The ground has petrified trees scattered all over at the Petrified Forest National Park.

As mentioned above, many of these trees rotted away, but the ones that survived were transformed into the beautiful fossilized logs that I’m viewing in 2010. Dissolved silica from the volcanic ash slowly filled or replaced the cell walls, crystallizing the trees into mineral quartz.

I’m standing next to a Petrified Log at the Petrified Forest National Park in December of 2010.

Pictured above, the petrified process was often so precise that it preserved every detail of the log surface and, occasionally, the internal cell structures. Iron rich minerals combined with quartz during the petrification process, to give the trees a brilliant rainbow of colors.

The clay hills of Petrified Forest National Park

Today, fossilized logs lie strewn across the clay hills and exposed in cliff faces, (pictured above).

A giant petrified log found at the Petrified Forest National Park

Pictured above, the petrified trees are hard and brittle and break easily when they are subjected to stress.

Rock art found at Petrified Forest national Park

The Petrified Forest also contains many fine examples of rock art which early people carved on the surfaces of boulders, canyon walls, and rock shelters, (picture above). The range of images is staggering; human forms, feet and handprints, birds, lizards, snakes, bats, coyotes, bear paws, bird tracks, cloven hooves, and cougars, (pictured below).

My favorite petroglyph of all-time, found at the Petrified Forest National Park. “The Cougar”

These petroglyphs may commemorated important events, mark clan boundaries, document natural events such as the summer solstice, and some may even be doodles.

The Painted Desert of the northern part of “The Petrified Forest National Park”.

The heavily-eroded badland hills of the Painted Desert have a multi-layered effect because their soil contains a kaleidoscope of red, orange, pink, blue, white, lavender and gray minerals. In the northern part of “The Petrified Forest National Park”, it’s a feast for the eyes, especially toward sunset when the colors shine at their most spectacular.

The Painted Desert, north of “The Petrified Forest National Park”.

The Painted Desert is part of the Chinle Formation, which comprises soft sandstone sediments from the floor of an extinct water body dating back 225 million years. The rate at which the sediments were deposited determined the concentrations of iron and aluminum minerals in each layer–hence the colors.
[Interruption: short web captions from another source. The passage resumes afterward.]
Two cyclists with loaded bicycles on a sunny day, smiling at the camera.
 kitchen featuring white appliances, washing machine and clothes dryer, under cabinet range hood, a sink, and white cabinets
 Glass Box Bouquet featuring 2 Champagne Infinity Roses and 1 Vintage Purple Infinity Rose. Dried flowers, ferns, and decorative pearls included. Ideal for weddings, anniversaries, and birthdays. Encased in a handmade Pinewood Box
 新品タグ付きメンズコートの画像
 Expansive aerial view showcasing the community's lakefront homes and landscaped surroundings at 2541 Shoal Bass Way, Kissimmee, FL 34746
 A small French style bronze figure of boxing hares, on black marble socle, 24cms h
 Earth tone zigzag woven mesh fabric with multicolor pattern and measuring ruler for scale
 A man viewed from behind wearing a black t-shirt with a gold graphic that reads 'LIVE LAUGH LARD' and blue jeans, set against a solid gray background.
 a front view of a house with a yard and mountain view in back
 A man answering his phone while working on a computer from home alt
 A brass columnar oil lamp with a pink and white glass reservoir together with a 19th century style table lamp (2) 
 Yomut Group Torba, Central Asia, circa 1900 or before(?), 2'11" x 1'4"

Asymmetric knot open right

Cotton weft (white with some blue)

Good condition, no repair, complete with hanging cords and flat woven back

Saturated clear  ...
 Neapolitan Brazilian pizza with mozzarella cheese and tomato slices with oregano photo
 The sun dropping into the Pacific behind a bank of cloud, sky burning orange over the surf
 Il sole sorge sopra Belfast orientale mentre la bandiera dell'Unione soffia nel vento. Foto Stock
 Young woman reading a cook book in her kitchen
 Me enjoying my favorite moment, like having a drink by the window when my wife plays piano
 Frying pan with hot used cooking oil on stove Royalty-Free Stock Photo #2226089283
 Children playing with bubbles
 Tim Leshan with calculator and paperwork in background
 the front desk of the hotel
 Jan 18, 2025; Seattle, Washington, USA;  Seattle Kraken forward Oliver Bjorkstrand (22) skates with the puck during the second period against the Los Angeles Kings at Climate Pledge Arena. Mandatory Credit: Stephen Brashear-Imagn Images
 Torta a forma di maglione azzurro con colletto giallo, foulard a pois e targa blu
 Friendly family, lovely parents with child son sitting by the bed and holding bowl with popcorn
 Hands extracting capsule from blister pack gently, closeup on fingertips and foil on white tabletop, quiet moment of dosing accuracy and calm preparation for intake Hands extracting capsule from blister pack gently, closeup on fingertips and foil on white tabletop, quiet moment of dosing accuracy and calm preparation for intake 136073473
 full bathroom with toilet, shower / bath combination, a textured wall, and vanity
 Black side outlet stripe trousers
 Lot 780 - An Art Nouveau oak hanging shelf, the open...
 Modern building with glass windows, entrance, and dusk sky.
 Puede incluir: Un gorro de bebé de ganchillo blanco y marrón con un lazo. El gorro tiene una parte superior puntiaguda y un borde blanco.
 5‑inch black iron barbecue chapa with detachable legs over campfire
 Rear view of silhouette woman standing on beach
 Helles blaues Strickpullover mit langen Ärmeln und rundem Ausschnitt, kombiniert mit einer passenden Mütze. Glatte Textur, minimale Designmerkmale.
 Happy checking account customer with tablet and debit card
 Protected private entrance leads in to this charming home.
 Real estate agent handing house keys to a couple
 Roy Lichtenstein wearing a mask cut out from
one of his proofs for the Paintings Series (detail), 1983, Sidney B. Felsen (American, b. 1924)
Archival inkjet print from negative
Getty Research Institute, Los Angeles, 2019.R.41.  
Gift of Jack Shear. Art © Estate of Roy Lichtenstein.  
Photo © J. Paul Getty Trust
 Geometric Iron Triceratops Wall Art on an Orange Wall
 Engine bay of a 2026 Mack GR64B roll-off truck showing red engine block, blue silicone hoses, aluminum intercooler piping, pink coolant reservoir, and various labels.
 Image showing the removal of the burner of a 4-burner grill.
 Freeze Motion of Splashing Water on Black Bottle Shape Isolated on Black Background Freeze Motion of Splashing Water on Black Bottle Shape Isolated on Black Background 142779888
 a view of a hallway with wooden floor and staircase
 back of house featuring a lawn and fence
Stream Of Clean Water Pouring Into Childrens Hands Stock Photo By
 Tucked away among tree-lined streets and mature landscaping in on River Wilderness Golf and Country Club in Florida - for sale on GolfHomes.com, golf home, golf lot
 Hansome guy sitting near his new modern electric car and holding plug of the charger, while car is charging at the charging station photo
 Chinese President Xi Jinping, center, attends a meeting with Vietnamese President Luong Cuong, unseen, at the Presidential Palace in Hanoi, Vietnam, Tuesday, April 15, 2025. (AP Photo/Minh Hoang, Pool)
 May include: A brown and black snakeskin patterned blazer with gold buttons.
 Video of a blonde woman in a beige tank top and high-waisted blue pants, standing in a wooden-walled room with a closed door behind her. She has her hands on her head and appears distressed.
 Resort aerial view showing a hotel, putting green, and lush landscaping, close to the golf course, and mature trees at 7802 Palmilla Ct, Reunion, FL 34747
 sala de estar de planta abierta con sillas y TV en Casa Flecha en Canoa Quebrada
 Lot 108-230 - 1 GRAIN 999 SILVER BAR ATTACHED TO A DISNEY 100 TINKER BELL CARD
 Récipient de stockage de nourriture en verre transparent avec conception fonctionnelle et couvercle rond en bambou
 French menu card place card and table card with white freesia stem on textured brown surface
Slowly deposited soils turned red, orange, and pink, while rapidly deposited soil containing less oxygen created blue, gray, and lavender hues.

The Painted Desert of Arizona; (looking north from I-40) at sunset.

The Painted Desert, is an arid land, sparsely vegetated with flat topped mesas and buttes standing out from the hills. Pictured above, is a vantage point along the rim that gives a sweeping view of the December landscape of northern Petrified Forest National Park.